The President wouldn't be in breach of Insider Trading Laws (Section 10b of the Securities Exchange Act) since he has no information resulting from a position of trust within Twitter (or as a trusted provider of services) and no ability to depress their stocks through intentionally fraudulent practices.
[O]ne who fails to disclose material information prior to the
consummation of a transaction commits fraud only when he is under a
duty to do so. And the duty to disclose arises when one party has
information “that the other [party] is entitled to know because of a
fiduciary or other similar relation of trust and confidence between
The key word here is "insider". The President is not an insider, he's merely the user of a service. He certainly has material information, but not gleaned from a position of confidence or trust.
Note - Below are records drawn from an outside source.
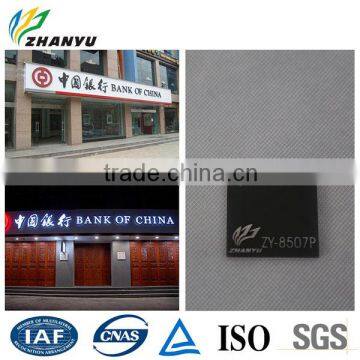 High Quality Organic Glass Price Heat Resistant Plastic Laser Engraved Day Night Black White Acrylic Sheet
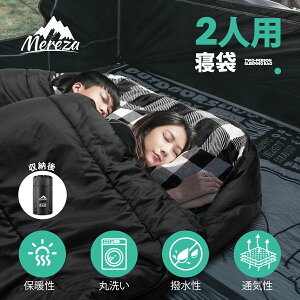 MEREZA 寝袋 2人用 厚手 冬に最適 3.6kg 寝袋 コンパクト 封筒型 210T防水シュラフ 連結解体可能 避難・車中泊・アウトドア用 丸洗い可 枕2個・収納バッグ付き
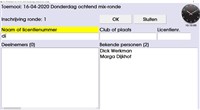 Pro PETANQUE toernooibeheer. Inschrijven deelnemers lijst bekende personen aangepast aan ingevoerde naam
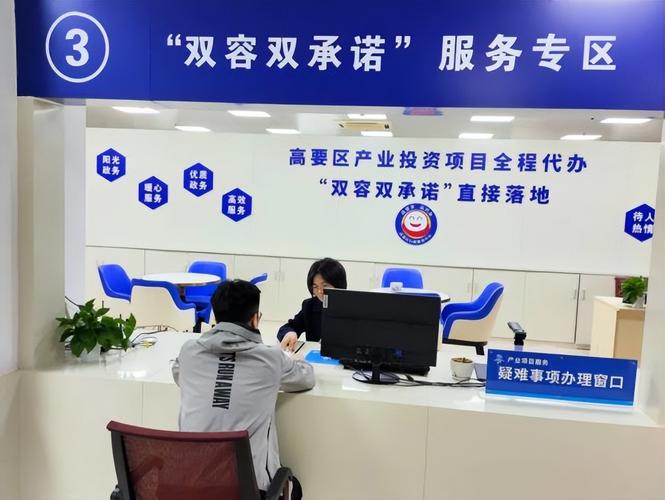 齐齐哈尔龙沙优化涉企服务质效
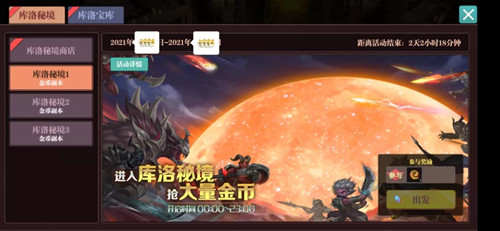 《魔渊之刃》秘境临世活动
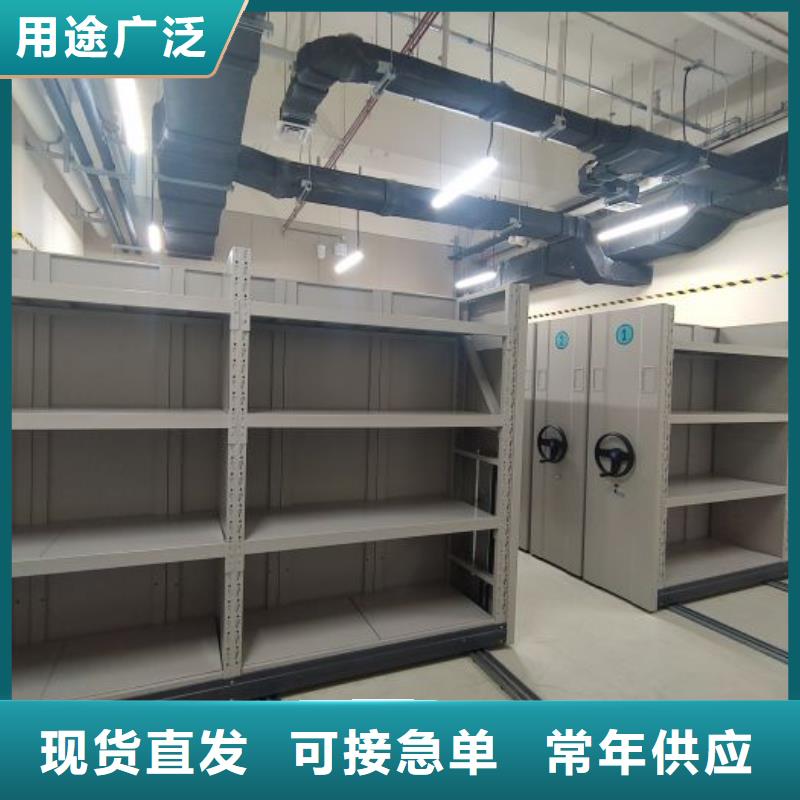 感谢光顾【泽信】密集柜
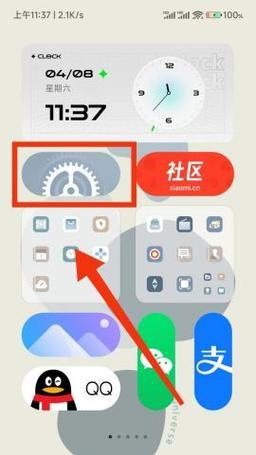 红米手机快速粘贴功能怎么关闭？  第3张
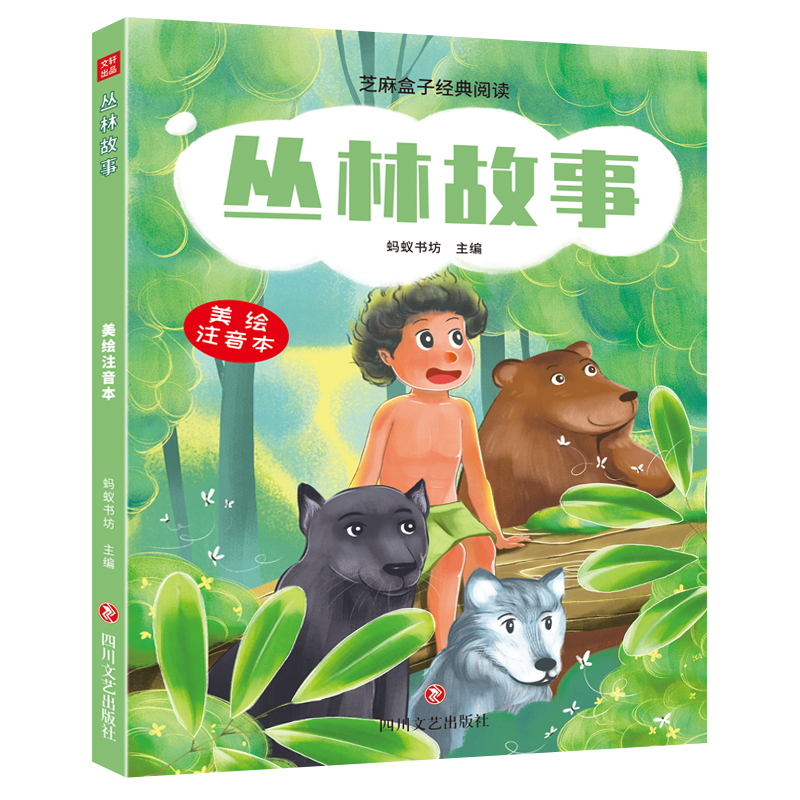 [正版]新书 芝麻盒子经典阅读美绘注音本 丛林故事 四川文艺出版社高清大图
anyone in possession of material inside information must either
disclose it to the investing public, or, if he is disabled from
disclosing it in order to protect a corporate confidence, or he
chooses not to do so, must abstain from trading in or recommending the
securities concerned while such inside information remains
That being said, it's arguable (and I'm reasonably sure his political opponents would argue it until the cows come home) that his shorting their shares would be a material violation of the STOCK Act, specifically section 6 which requires the President to have disclosed his holdings of shorted stock to the public.
It's also pretty arguable that his popularity on Twitter is a direct result of his office as President, and hence making money by publicly and messily leaving their service will result in a breach of accepted ethical standards and potential impeachment even if no specific law has been broken.